DATA EXTRACT Block Start
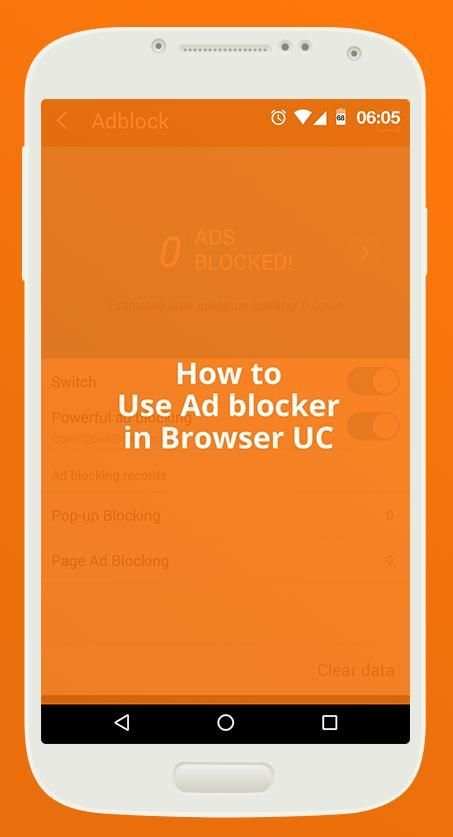 Guide UC Browser : Fast Browsing and Download 5 تصوير الشاشة
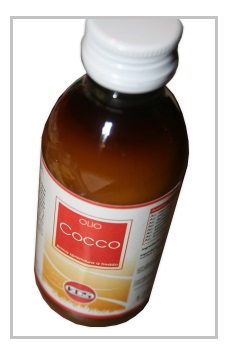 COCCO OLIO 500 ML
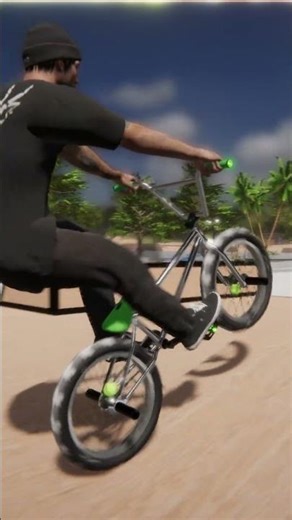 Bmx Streets, Skyline Outdoor Realistic lines. Skate. Season 2 Is Trash!!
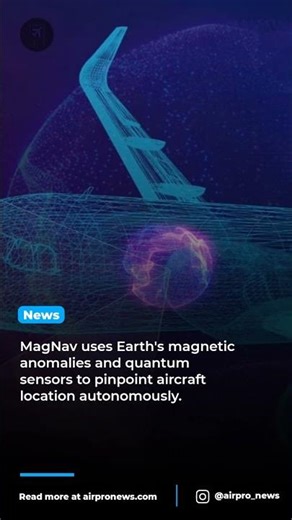 Airbus unveils unjammable quantum navigation tech for aircraft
DATA EXTRACT Block End
When copying the listing, skip the pictures and keep each line exactly as written.

▶ [EXERCISE ANSWER]:
 Guide UC Browser : Fast Browsing and Download 5 تصوير الشاشة
 COCCO OLIO 500 ML
 Bmx Streets, Skyline Outdoor Realistic lines. Skate. Season 2 Is Trash!!
 Airbus unveils unjammable quantum navigation tech for aircraft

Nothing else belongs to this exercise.